School children fighting in Jamaica

Conflicts are not static events in themselves, but develop a dynamic that can become uncontrollable in extreme cases. The course of a conflict can be divided into four phases:

| Phase of conflict | Name | Description |
|---|---|---|
| Phase I | Latent phase | The conflict situation emerges |
| Phase II | Conscience | Both parties recognise the conflict |
| Phase III | Action | Both parties react based on their thoughts and emotions |
| Phase IV | Interactions | Both parties interact with alternating conflict modes |

=== Escalation ===
Beyond that a conflict can further escalate. Models of escalation in conflicts are the Friedrich Glasl's model of conflict escalation, the conflict curve by Michael S. Lund and the hourglass model by Oliver Ramsbotham. When an escalation is initiated by one party there often is a sequence of escalation behaviour: requests, demands, angry remarks, threats, harassment and abuse.

Models with a fixed order of stages of conflict escalation have been criticized for not representing the probabilistic nature of conflicts.

== Behavior ==

Hierarchy of arguments according to their escalation potential by Graham

The various ways in which people react to conflict situations have been presented by Gerhard Schwarz, sometimes in reference to Eric Lippmann, as follows:

- Flight (Evasion, Avoidance)
- Fight (Enforcement, Destruction)
- Subordination (Adaptation, Concession, Unilateral Acceptance)
- Delegation (of the problem to another instance)
- Compromise (Agreement with advantages and disadvantages on both sides)
- Consensus (Cooperation)

These behavior patterns can lead to the solution or dissolution of a conflict in different situations. While the first-mentioned stages are anti- or confrontational in character, the last-mentioned stages represent forms of constructive conflict resolution - with consensus as the highest (to be learned) form. Paul Graham divided forms of argument hierarchically according to their escalation potential and the quality of the argument. In the dual concern model, conflict types are divided along the two dimensions: orientation towards one's own goal or orientation towards the goal of the conflict partner. Personality tests for conflict behavior are the Kraybill Conflict Style Inventory, the open-source licensed "Ethics Position Questionnaire" and the Thomas-Kilmann Conflict Mode Instrument. Further, more general and comprehensive personality tests are Leadership Derailers, Social value orientation, Hexaco-PI-R and NEO-PI-R, which also include a bit of conflict behaviour.

=== Interpersonal ===
Often, further phenomena occur in the course of a conflict. Doubts and uncertainties about one's own position are usually replaced with firm convictions (confirmation bias), without anything having changed in the real probabilities. Moreover, people often stick to their conviction in order not to lose face, even if the conviction is now being questioned by themselves. The reciprocity ("an eye for an eye") favors a conflict escalation and a convergence of behavior when the other side consistently shows competitive or consistently collaborative behavior to achieve their goals. However, collaborative behavior tips more easily into competitive behavior than vice versa. In conflicts, destructive behaviours can also appear: violence, coercion, intimidation, blackmailing, deception und seduction.

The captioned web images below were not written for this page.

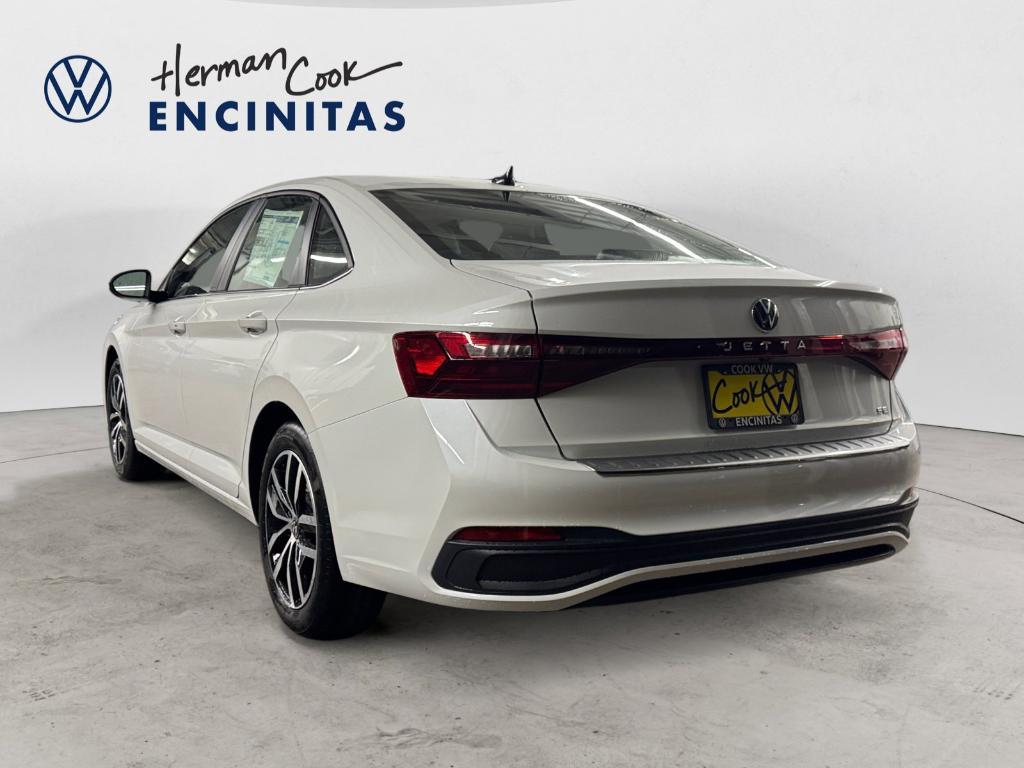 new 2026 Volkswagen Jetta car, priced at $28,161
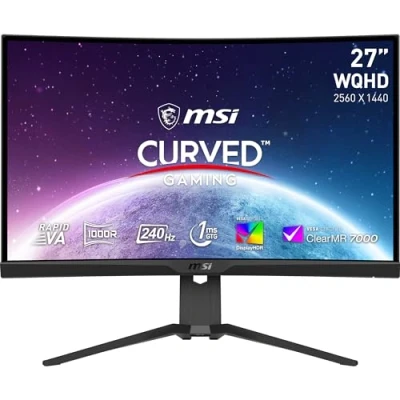 Abbildung von MSI MAG 275CQRXF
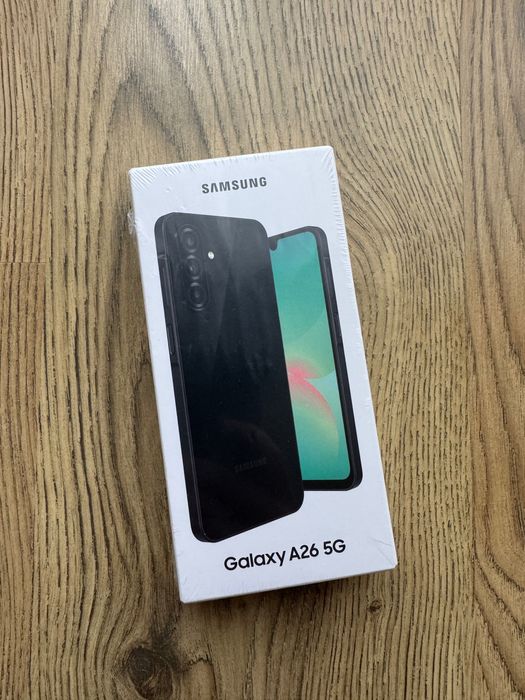 Smartfon SAMSUNG Galaxy A26 5G 8/256GB Telefon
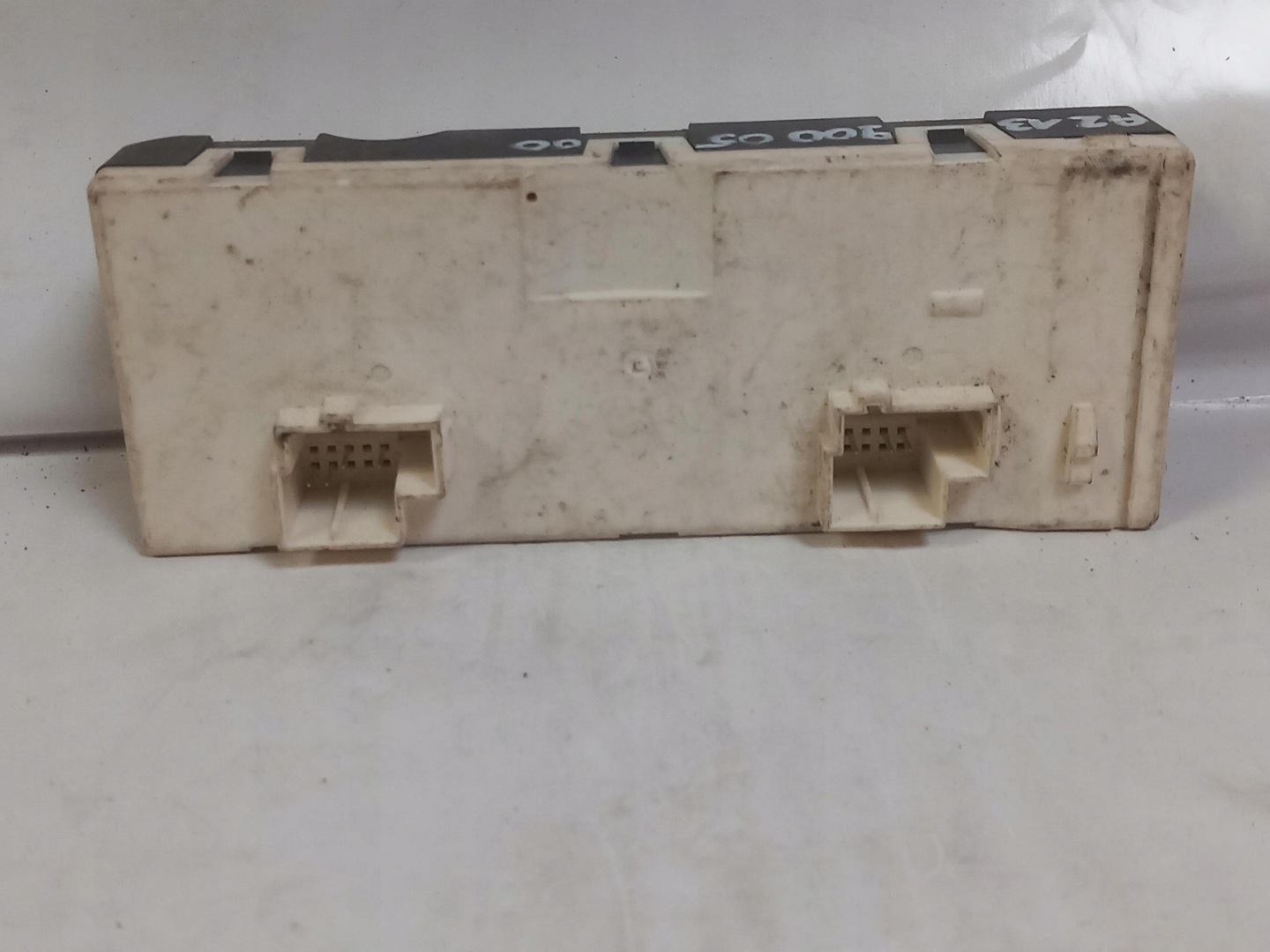 control unit module bonnet boot MERCEDES E-KLASA W213 A2139000500 16-24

Negative emotions such as anger and fear make it difficult to work through the differences. Moreover, anger is often contagious, because a person who is met with anger reacts in turn more often angrily. Likewise, behaviors such as hostile, overly aggressive, choleric, conflict-avoiding, evasive, passive-aggressive, nagging or accusing (without changing anything), non-changing, annoying, pessimistic, superior or indecisive behavior can make conflict resolution difficult.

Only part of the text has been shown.